Notley, who is on a five-city tour to tout the benefit of Kinder Morgan’s $7.4 billion twinning project, reiterated her view that Canada is leaving cash on the table by not expanding its export markets beyond the United States.

“We’re selling our product at a discount right now, we’re not being smart economic players,” she said. “We need to be strategic in terms of finding the best markets and the best prices for our product. We can’t do that without getting our product to tidewater.”

Canada sends all but a fraction of its oil exports to the United States, and Western Canadian Select (WCS) currently trades at about a $15 discount to the American benchmark West Texas Intermediate (WTI).

The economics are just one piece of the puzzle in the standoff between Notley, British Columbia Premier John Horgan and Burnaby Mayor Derek Corrigan.

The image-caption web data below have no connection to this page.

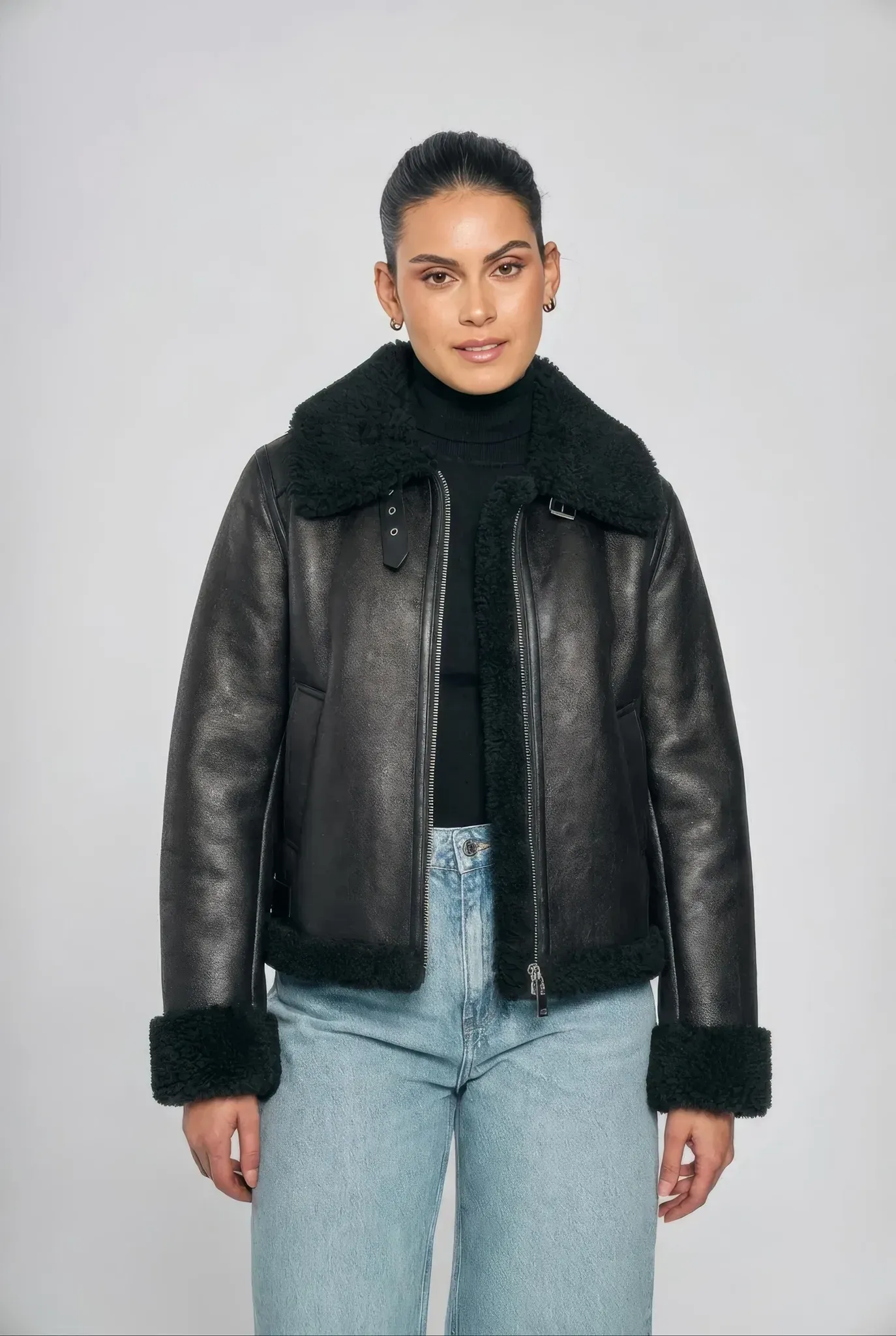 Lederimitatjacke FREAKY NATION 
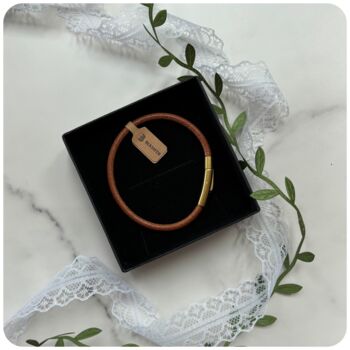 3rd Wedding Anniversary Gift, A Leather Themed Surprise, 2 of 3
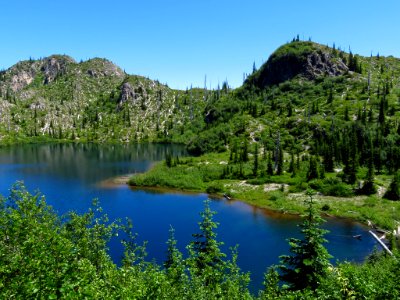 Panhandle Lake at Mt. Margaret Backcountry in WA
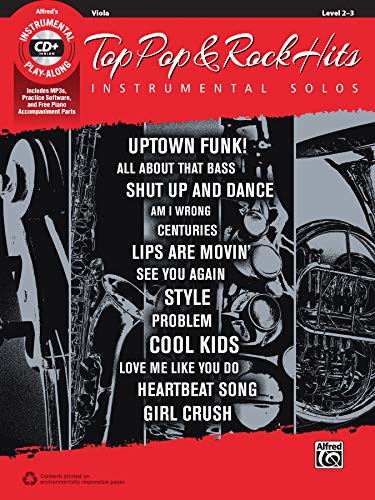 Stock image for Top Pop & Rock Hits Instrumental Solos for Strings: Viola, Book & CD (Top Hits Instrumental Solos) for sale by Magers and Quinn Booksellers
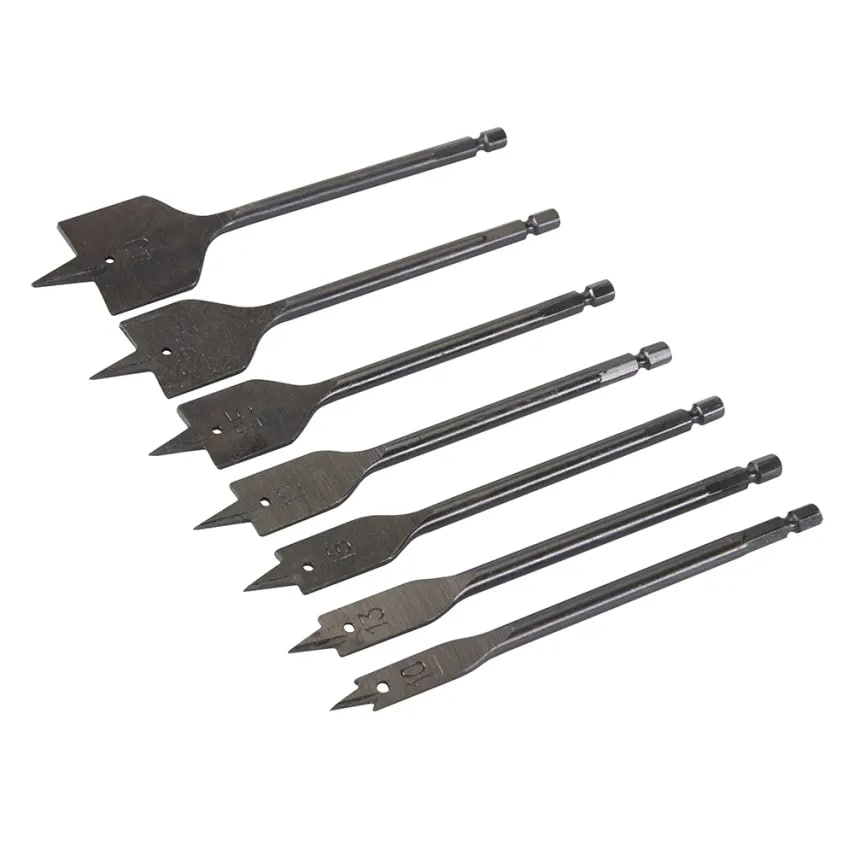 Plumbers Flat Bit Set 7 Piece 10 - 40mm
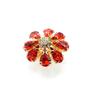 33 * 33MM2Pcs/Lot Floral Diamond Button Fashion DIY Shirt Sweater Suit Versatile Alloy Clothing Buckle Accessories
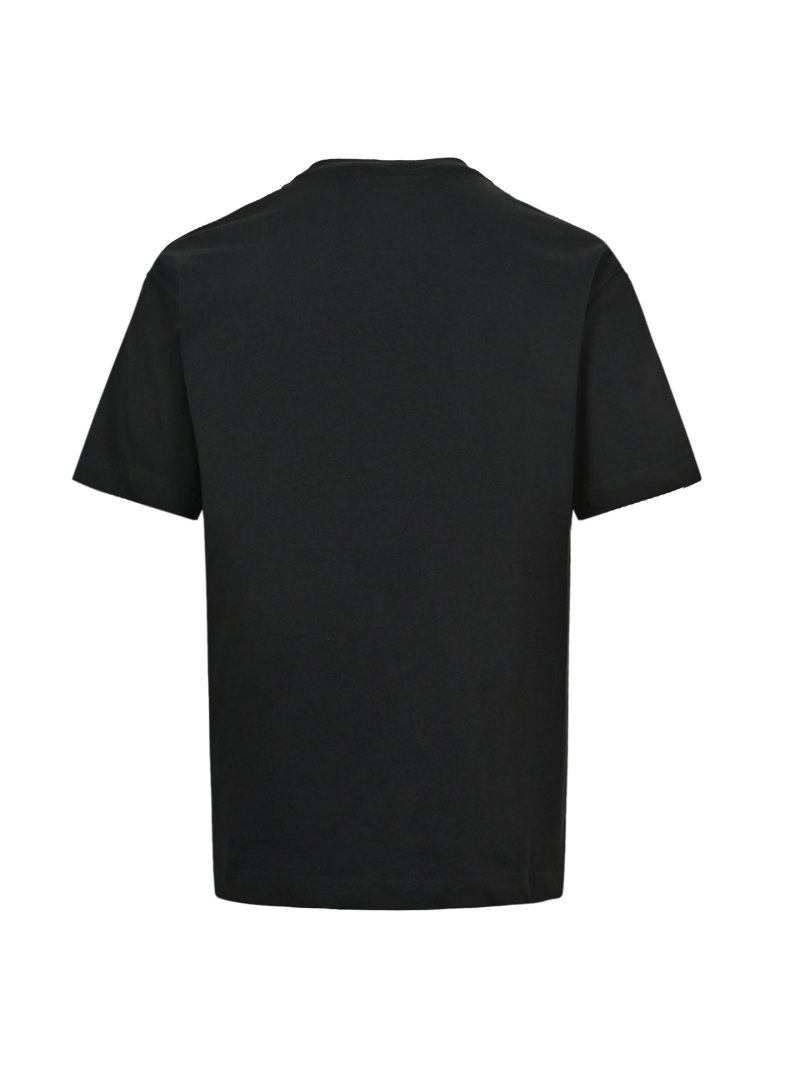 Navy Graphic Print Short Sleeve T-Shirt with Red Logo view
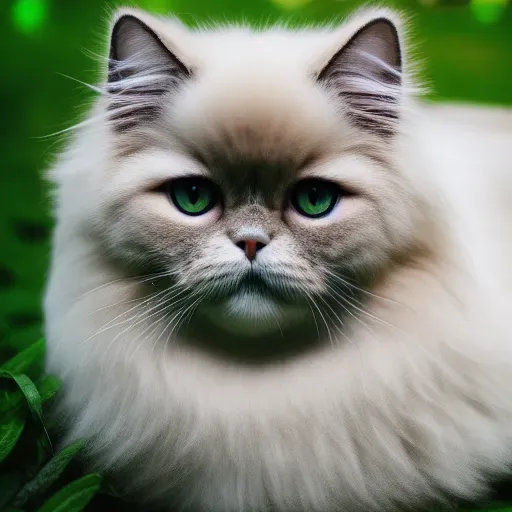 Realistic Persian Cat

The latter two have vowed to fight against the project, arguing it carries undue risk to the environment. They cite the risk of larger, more catastrophic oil spills as capacity increases to a planned 890,000 barrels per day from the current 300,000.

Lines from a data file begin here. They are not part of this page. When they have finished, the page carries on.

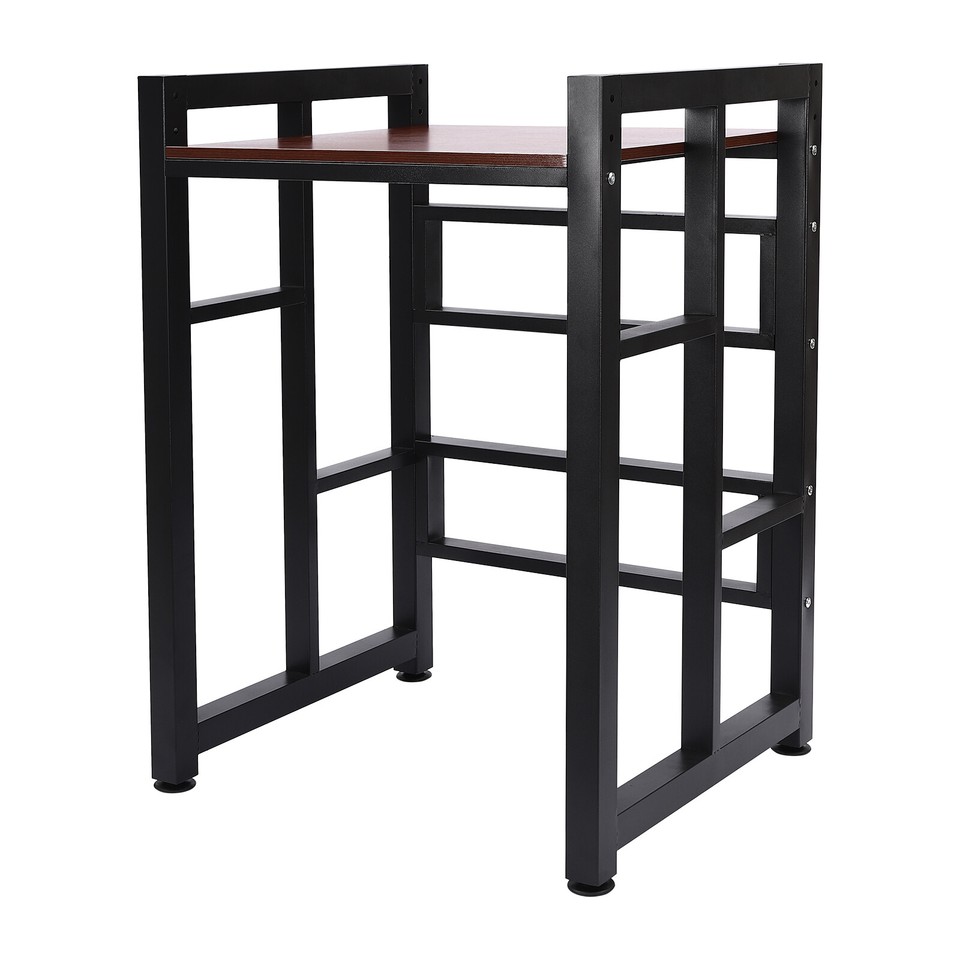 Adjustable Washer and Dryer Storage Shelf Organizer Rack Washer and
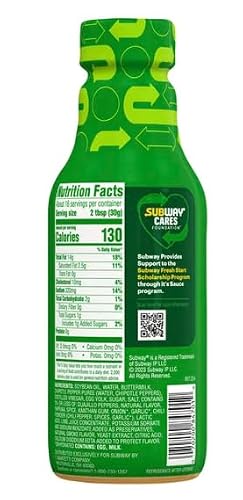 Subways Baja Chipotle Sauce 16 oz Bottle Pack of 2 w/Exit 28 Bargains Sticker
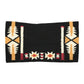TuffRider Wyoming Contoured Single Weave Saddle Blanket-Rust/Tan-34 X 40 Inch with geometric design on black background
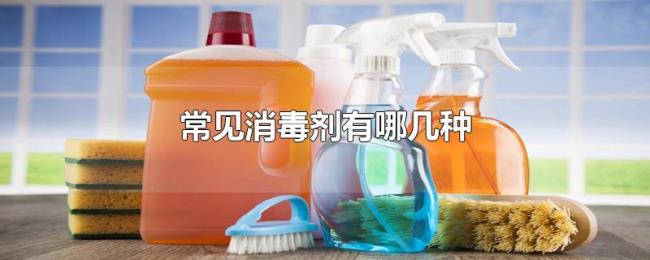 常见消毒剂有哪几种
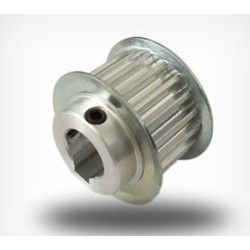 T10 ALUMINIUM PULLEY ORIGINAL 22T X Width 18mm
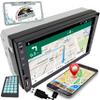 Double Din Car Stereo in-Dash Car Radio with Bluetooth 7 Inch HD Touchscreen Auto Radio Support D-Play Mirror Link for Android iOS Phone FM/USB/TF/Aux-in/RCA/with Backup Camera PK3 + Remote Control view 1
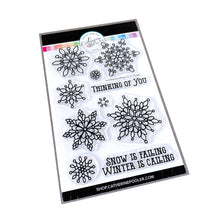 Cargar imagen en el visor de la galería, Catherine Pooler - Stamp &amp; Dies - Scrolling Snowflakes. Available at Embellish Away located in Bowmanville Ontario Canada.
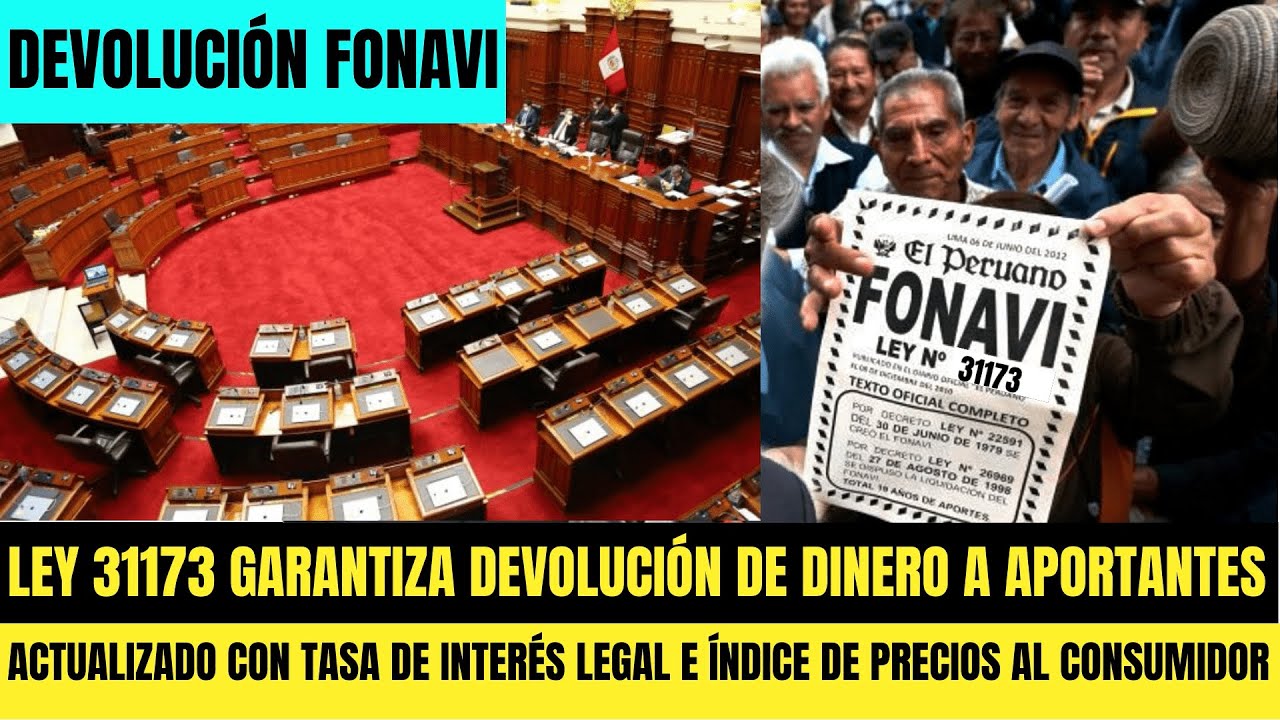 CONGRESO PROMULGAN LEY FONAVI N&ordm; 31173 QUE GARANTIZA DEVOLUCI&Oacute;N DE DINERO A APORTANTES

Notley said at a certain point, regional players should simply get out of the way of federally approved projects like the Trans Mountain twinning, given the diverse needs of a country the size of Canada.

"There’s a point at which we have to agree, ‘We’ve looked at all the facts, we’ve considered everybody’s issues, we’ve found the most effective solution for the greatest number of people and now the issue is done and now we’re moving forward,’” Notley said. “That’s the thing we have to do better as Canadians on an economic and international level.”

“Some things are bigger than [regional disputes,] and this pipeline is one of those things.”